**Required work**
Quote, word for word, only the lines running from the line with "Rear View of" through the end of the listing. Leave out the pictures.

**Data below**
☆ ☆ ☆ ☆ ☆

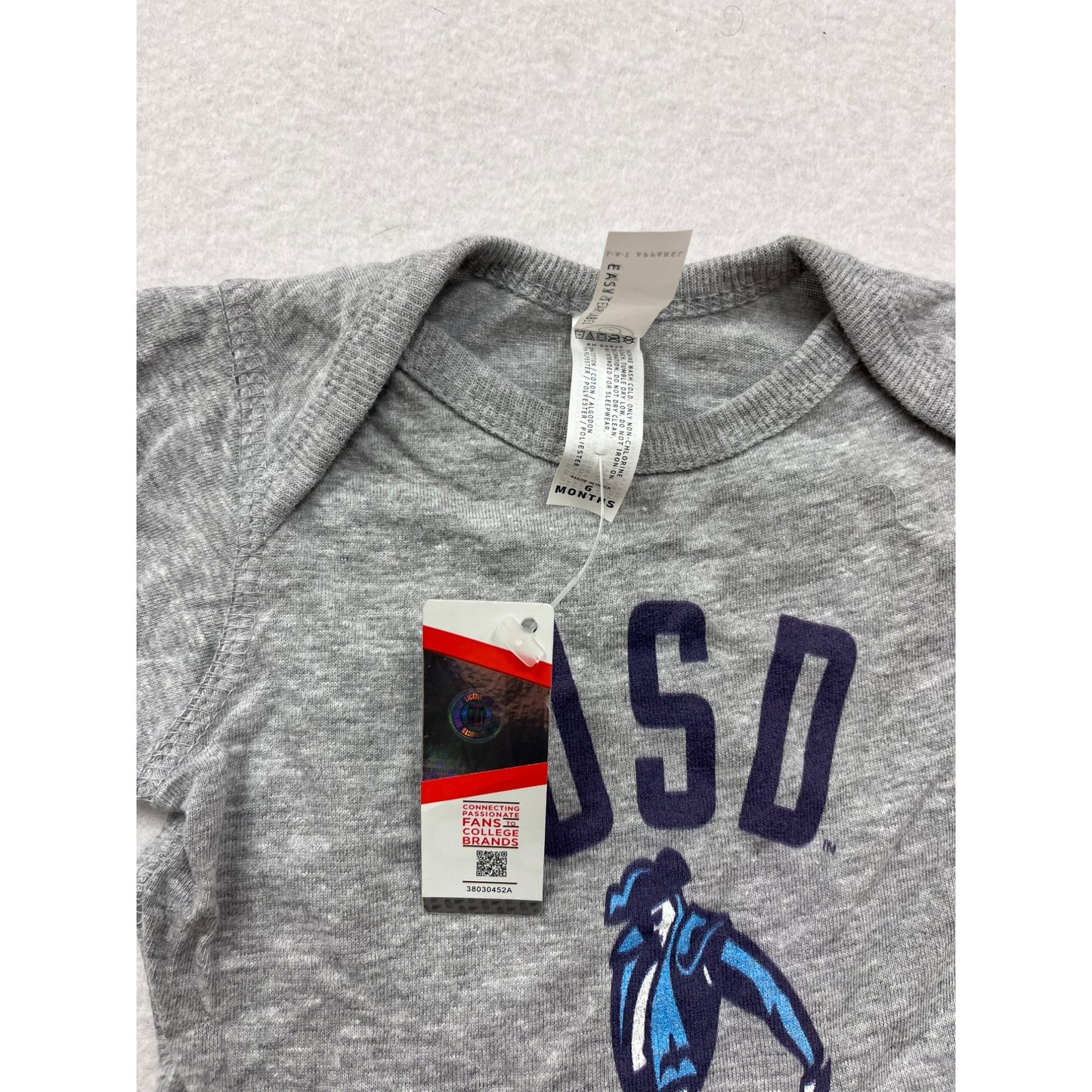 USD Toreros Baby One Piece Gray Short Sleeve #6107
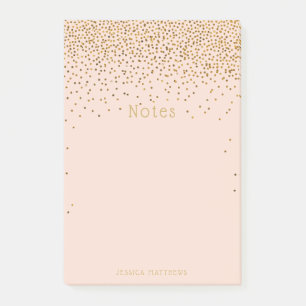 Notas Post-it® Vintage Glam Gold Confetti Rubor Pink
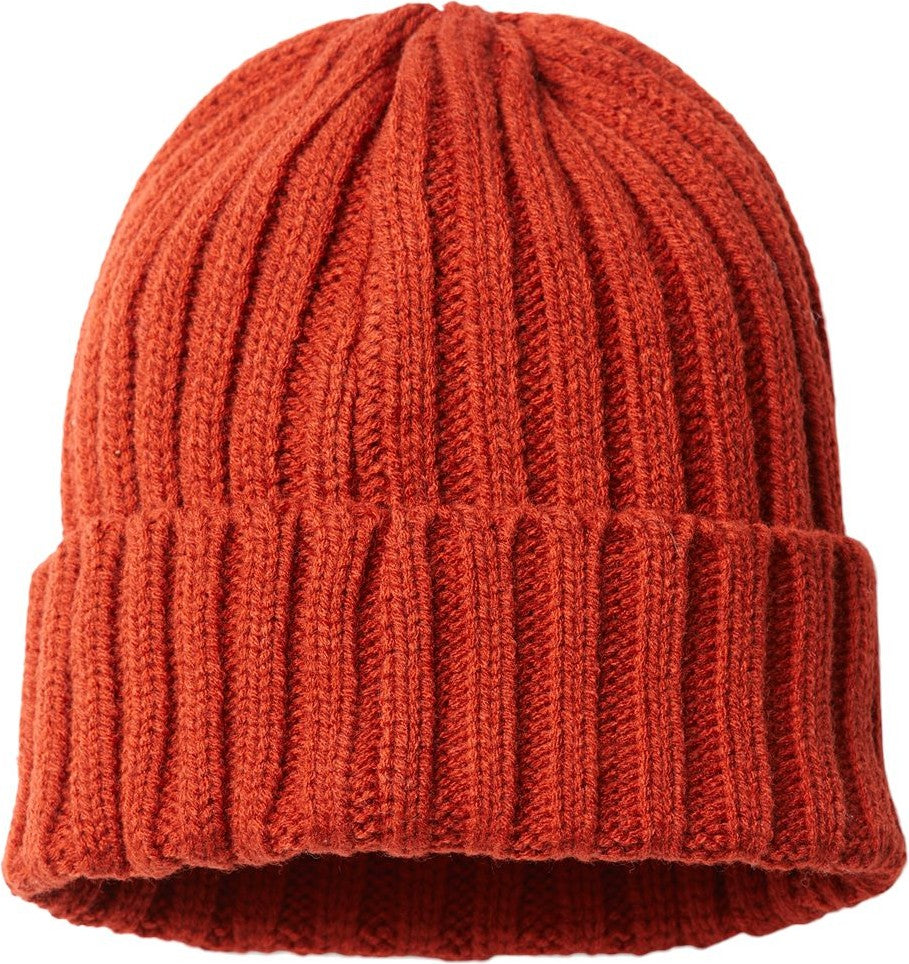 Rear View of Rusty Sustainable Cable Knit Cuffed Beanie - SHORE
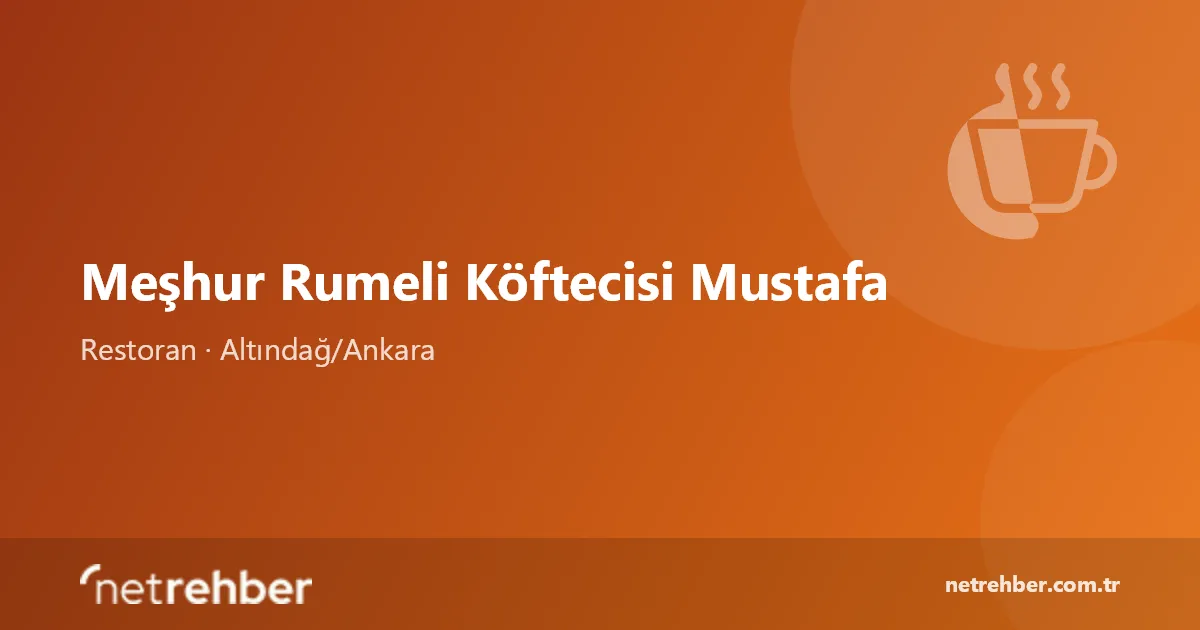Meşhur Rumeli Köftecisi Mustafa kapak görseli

☆ ☆ ☆ ☆ ☆

**Worked solution**
 Rear View of Rusty Sustainable Cable Knit Cuffed Beanie - SHORE
Meşhur Rumeli Köftecisi Mustafa kapak görseli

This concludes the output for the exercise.